ルシリア程では無いとは言えその体型は恵まれている。しかし服装がそれを活かさない。
タンクトップにホットパンツ。
大よそ一国のトップが着る服装では無いが、これがエリッサの仕事場での服装。
所謂残念美人だが、似合うのは彼女故にだろう。
……そんな服装のだらしないエリッサだが、その基礎能力は高い。
彼女はラトジアの象徴『救国の天使』と『開放の勇者』の二人の娘であり、勇者の能力である『魔力消費100%カット』を受け継ぎ、聖族の証である翼と、限りの無い寿命に美貌を持つハーフだ。
勇者ほどでは無いにしろズルかった。
「でもビックリした。……父さん、あんな顔出来たんだ」
勇者『ユーマ』は史実では勇ましく、その姿は真に勇者として語られている。
しかしエリッサの知る父親の姿は小心者だ。
事情があるにせよ駄目親父といって遜色なかった。
だが今日見た表情は明るい。優の顔は生気に満ちていたのだ。
回る椅子に背中を預けたままエリッサは天井を見上げた。
「きっと怒ってるだろうなぁ~」
恐らくある事を黙っている母。
この国が出来た所以であり、ルシリアに“救国”の名がついたその理由。
中央公園に存在する建物の中。この国の象徴たる『救国』『解放』の二人に関する像を見た、記憶の無い父の心境を考えてエリッサは顔を綻ばせる。
……再度机の上の現実を見て溜め息を吐いたのは管理職故、言うまでも無かった。
「なんで売ってんのセーラー服」
「……さぁ?」
繁華街。
全身鎧に人目を引く翼を持った聖女が服屋の中で談笑していた。
言わずもがなこの二人は優とルシリアだ。
二人に気づいた周りの者のSAN値がガリガリ削られている。
その結果として通りすがりの竜人族の男性、長耳族の女性は店内にいる二人の姿に気づき、目をとられたまま互いにぶつかった。

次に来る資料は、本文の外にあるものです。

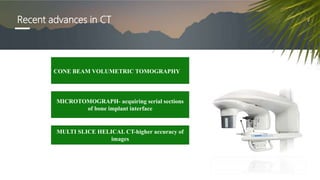 Recent advances in CT
CONE BEAM VOLUMETRIC TOMOGRAPHY
MICROTOMOGRAPH- acquiring serial sections
of bone implant interface
MULTI SLICE HELICAL CT-higher accuracy of
images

……ご愁傷様ではあるがこの後一つのドラマが起こり、一組のカップルが出来たのは余談だ。
「いやいや。この国色々とおかしくないか?」
「混成国だもの。それよりも――セーラー服似合うと思う?」
「あー……似合う、かな」
「思わず襲っちゃうくらい?」
「おい」
前かがみになり、下から見上げるように上目遣いでルシリアは迫る。
会話の内容はともかく、その表情はあざといが似合っているのだ。
二人の子ども達から「歳考えろ」と言われるのが目に見える。
「あ、でも家にあったか」
「なんで買うって言ったし。……あるのか?」
「確かあるはず――……帰ったらシようね?」
「……あはは」
腕を絡ませてくるルシリアに『エロいのはいいけど公衆の面前で』と優は切実に思う。
二人の会話を聞けば多くの人間は思うだろう。『時と場所を考えろ』と。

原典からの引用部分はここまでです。